The Emerging Church and/as Avant Garde

In yesterday’s post, I used the artistic avant garde as an analogy to explain how progressive theology can be innovative while still remaining within the orthodox tradition.

For example, one of the most notorious pieces of avant garde art is the urinal that Marcel Duchamp claimed was an artwork. (See photo to the left of Duchamp with his urinal) What is important to notice is that without a tradition of sculpture, Duchamp couldn’t have made this claim. The title of the piece (Fountain) links it back into this tradition.

Indeed, without a tradition of professional artists, critics, museums, and even the avant garde itself, this piece couldn’t achieved the status of art. For example, even an artist as great as Michelangelo couldn’t have declared his chamber pot to be an artwork. So, while Duchamp certainly challenged contemporary understandings of the nature of art, he did so by working from within the context of a tradition of art.

Today I want to point out two more interesting features of avant garde art. First, notice that what begins as shocking avant garde experimentation often becomes assimilated into mainstream artistic traditionalism. For example, every textbook of 20th Century art today includes a discussion of Duchamp’s Fountain. More radically, remember that impressionism was once considered shocking and avant garde. Now it is considered trite and bourgeois — you can find Monet posters everywhere from college dorm rooms to dentist’s offices. Moreover, impressionistic techniques are used in advertising — and it doesn’t get more mainstream than that!

So what avant garde artists do is experiment with new ways of making art — new styles and new languages of representation — and, if successful, these elements become part of the standard vocabulary of visual artists in the popular culture. Now, as I pointed out yesterday, I want to be clear that I don’t share the modernist prejudice that only original experimentation is good art. Pop culture can be totally traditional while still being artistically excellent. The directorial work of Clint Eastwood is a good example of this. But even the most mainstream Hollywood movie owes a lot to an avant garde ancestry. Consider the way cinematic narrative language has developed: from Brecht to Goddard to Tarantino to everybody else.

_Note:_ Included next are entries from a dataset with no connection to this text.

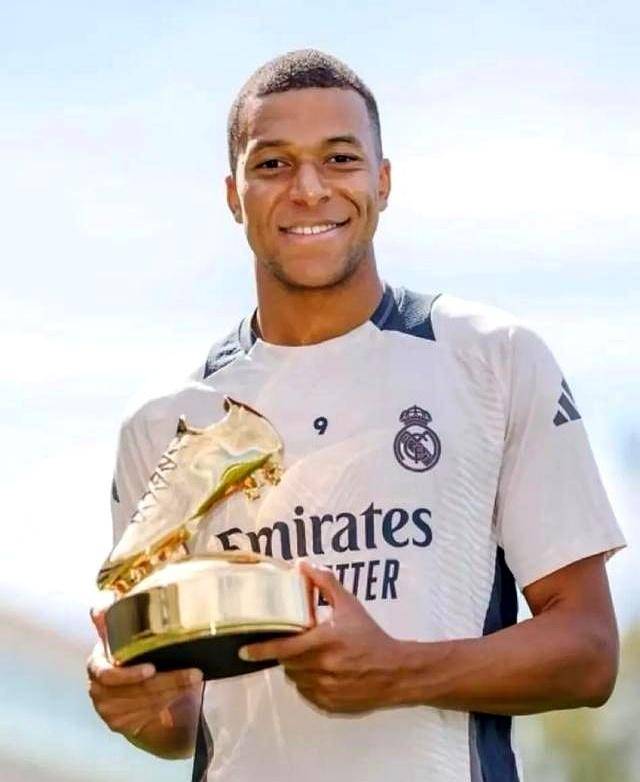 为什么尼克斯队和锡伯杜需要在季后赛前增加阵容深度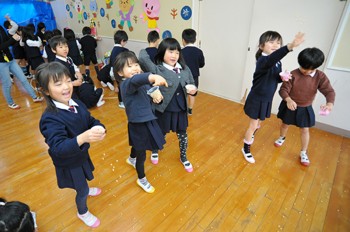 「おには~そと~!」 「おには~そと~!」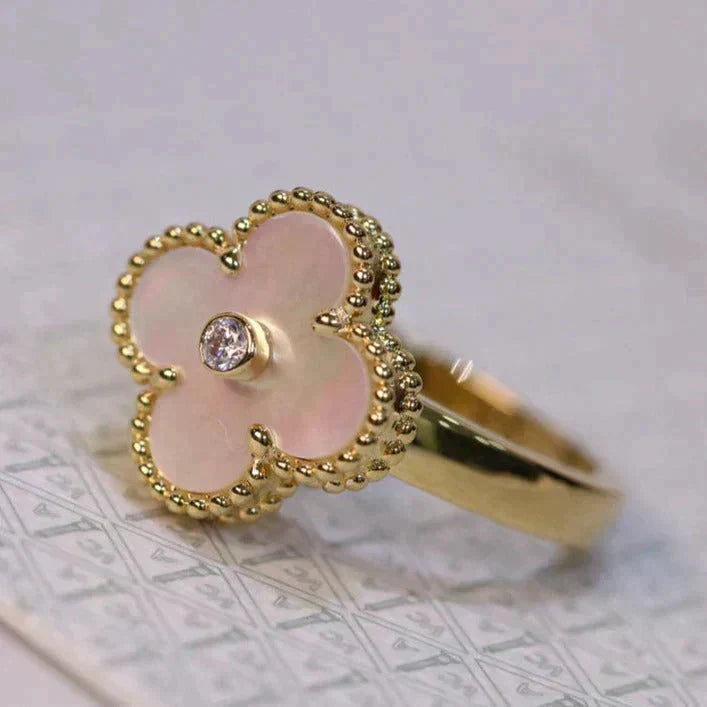 Mystic CLOVER PINK MOP RING GOLD DIAMOND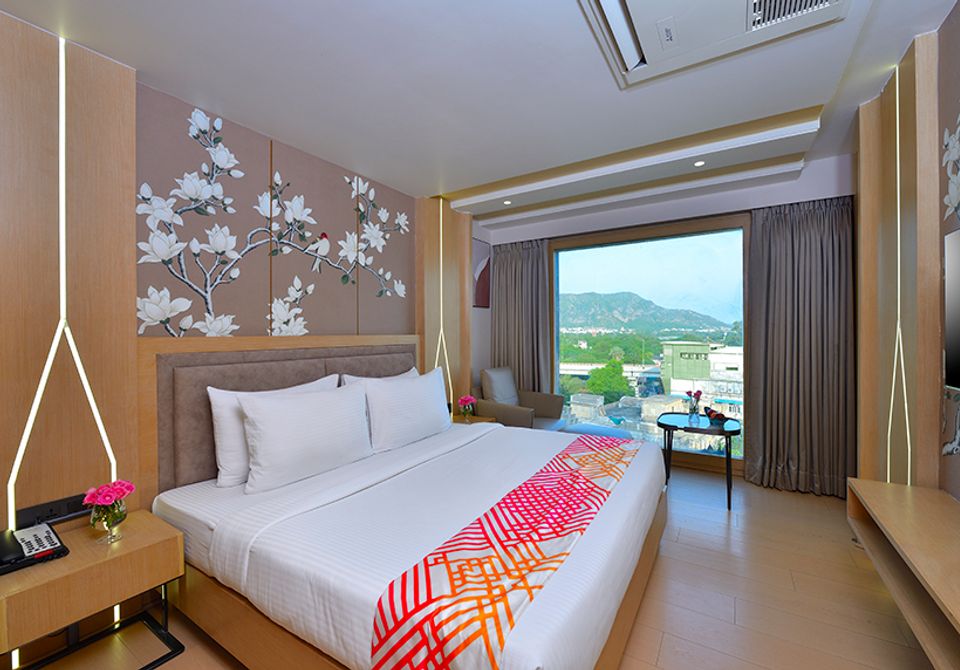 hotel-room-image
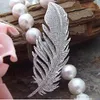 Ręcznie wiązany 61 cm 9-10 mm naturalny biały słodkowodna perłowa pióra kształt łańcuch SWEAT LEAF ZAPROKUSZENIE Naszyjka Modna biżuteria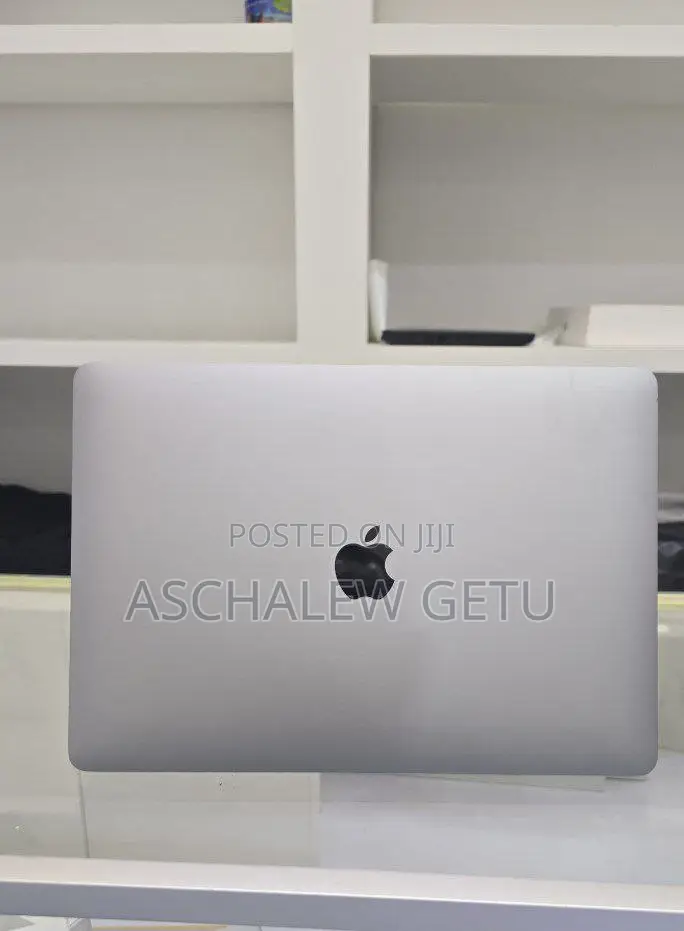 New Laptop Apple MacBook Air 2020 8GB Apple M1 SSD 256GB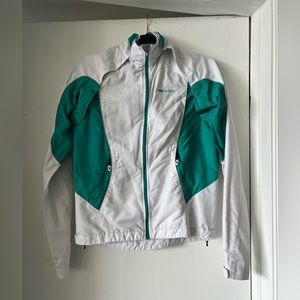 Sugoi Versa Women’s Cycling/Trail Running Jacket Magnetic Quick Release Sleeves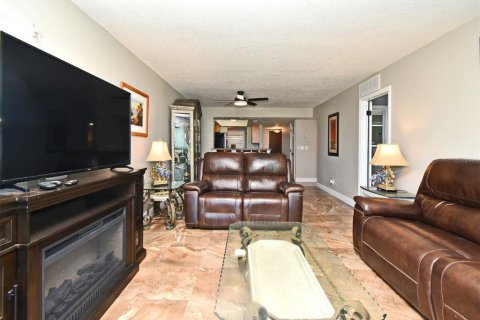 Condo in Cocoa Beach, Florida, 2 bedrooms  № 2108974 - photo 5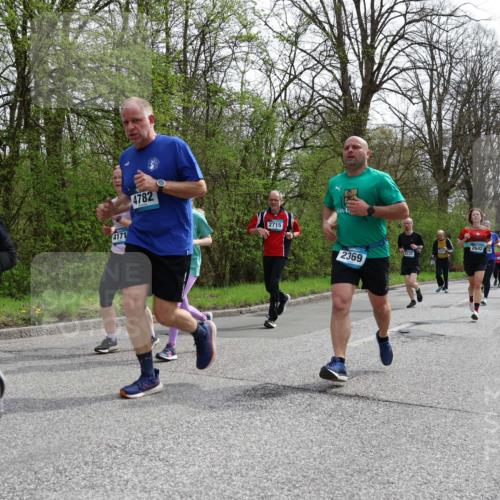12.04.2026 - 45. Internationalen Wilhelmsburger Insellauf Yannick Fuchs http://msf.ph/oto/9504489 12.04.2026 12:53:20 Laufen 4171, 4782, 2715, 2642, 3737, 2369 meine-sportfotos.de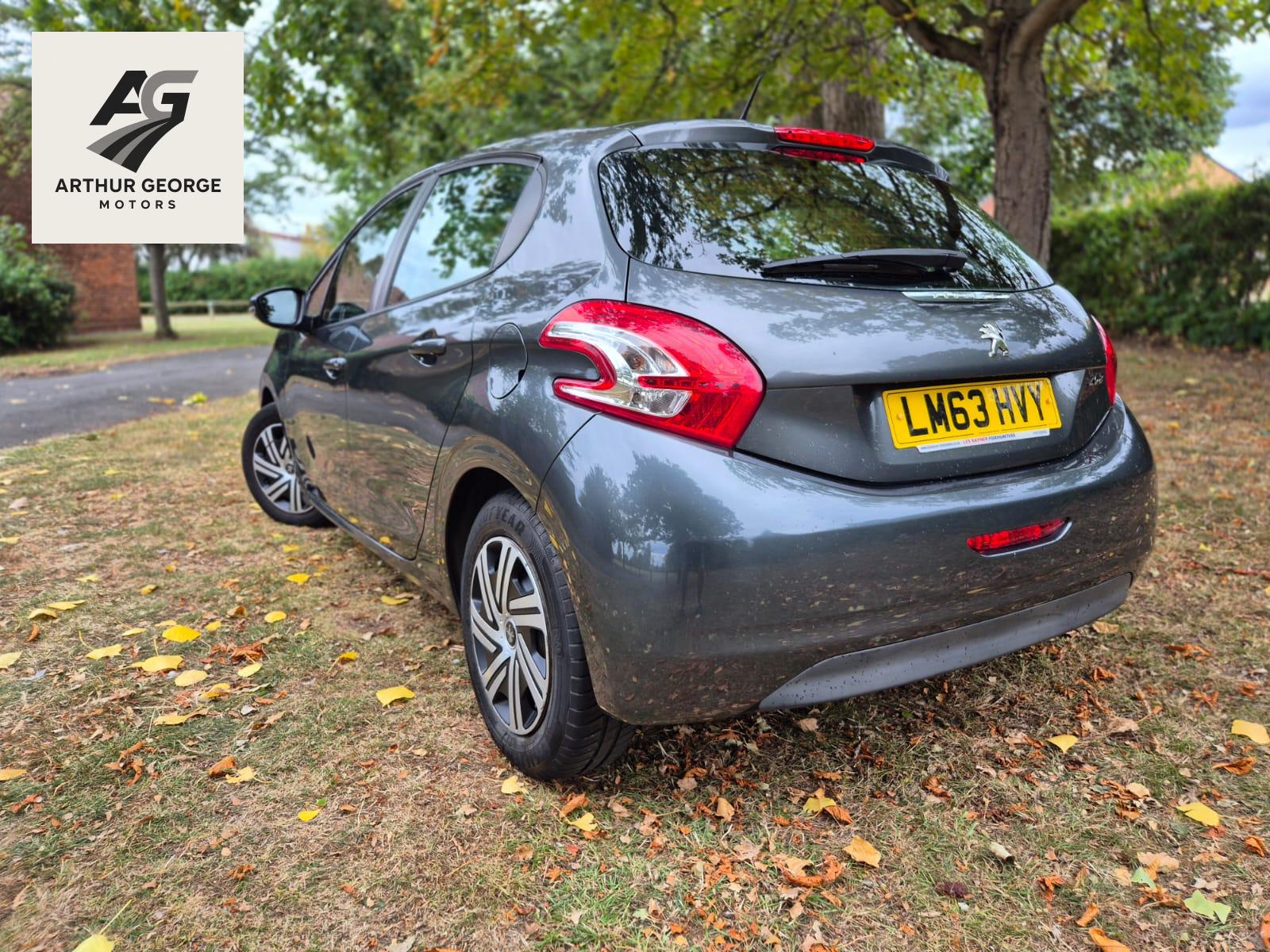 Peugeot 208 1.4 HDi Access+ Hatchback 5dr Diesel Manual Euro 5 (70 ps)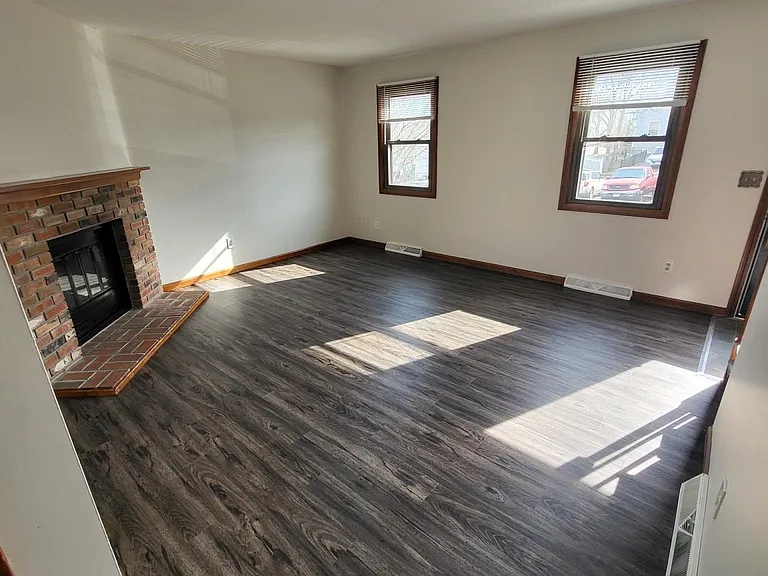 84 Village Ln — Photo 2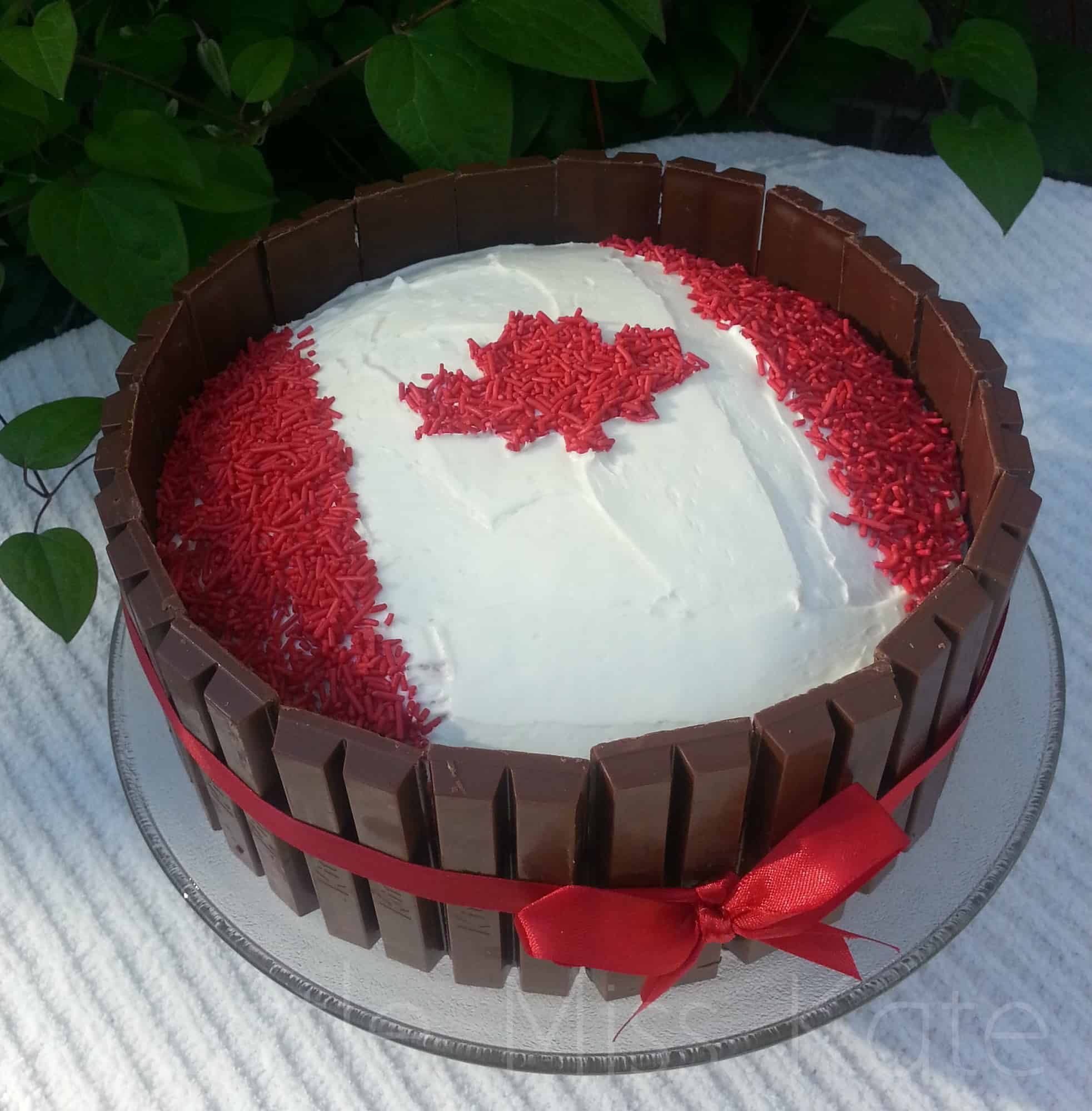 Premium Photo | Cake celebration with canada flag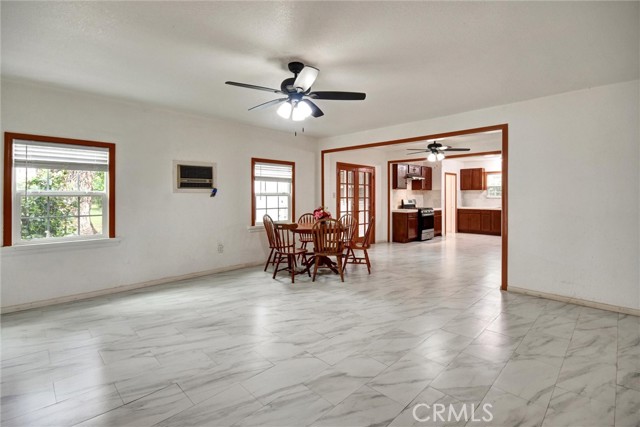 Detail Gallery Image 21 of 53 For 340 W 18th St, San Bernardino,  CA 92405 - 4 Beds | 4/1 Baths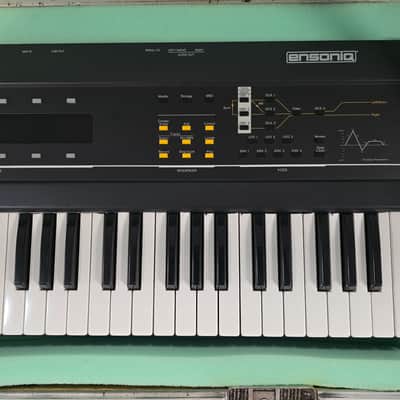 Ensoniq ESQ-1 Digital Synthesizer W/Anvil case FREE SHIPPING image 4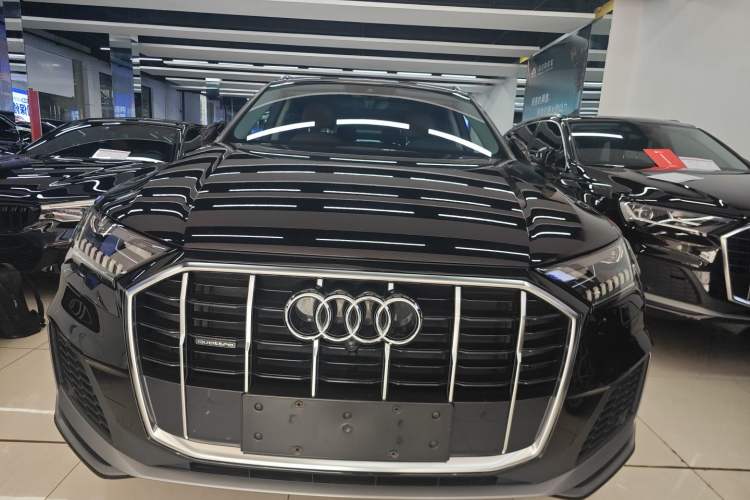 Used Audi Q7 2020 55 TFSI quattro S line sports model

Second, notice that most avant garde art is really bad art. Anyone who has been to a contemporary art gallery can attest to this. Not every artwork that makes it into a museum is worth seeing — and most of the stuff in private galleries will never make it into a museum. Most avant garde art is failed experimentation. But that’s simply the nature of experimentation. Most experiments (whether in art, science, theology, or whatever) don’t work out. And that’s why the avant garde is so important. Advertisers, Hollywood filmmakers, and other pop culture artists don’t often have the luxury of true experimentation. They are working with large amounts of money from investors who demand certain practical results. But avant garde artists are allowed, even expected, by their patrons to make challenging and controversial work. Without the avant garde’s constant experimentation, our artistic traditions would never develop any new tools.

Now I want to use these two points as an analogy to explain what the so-called emerging church ought to be about: (1) the avant garde is the source for new ideas which trickle down to mainstream outlets, and (2) the avant garde discovers these new ideas through free experimentation. The role I see for emerging church is to act as the avant garde of Christianity.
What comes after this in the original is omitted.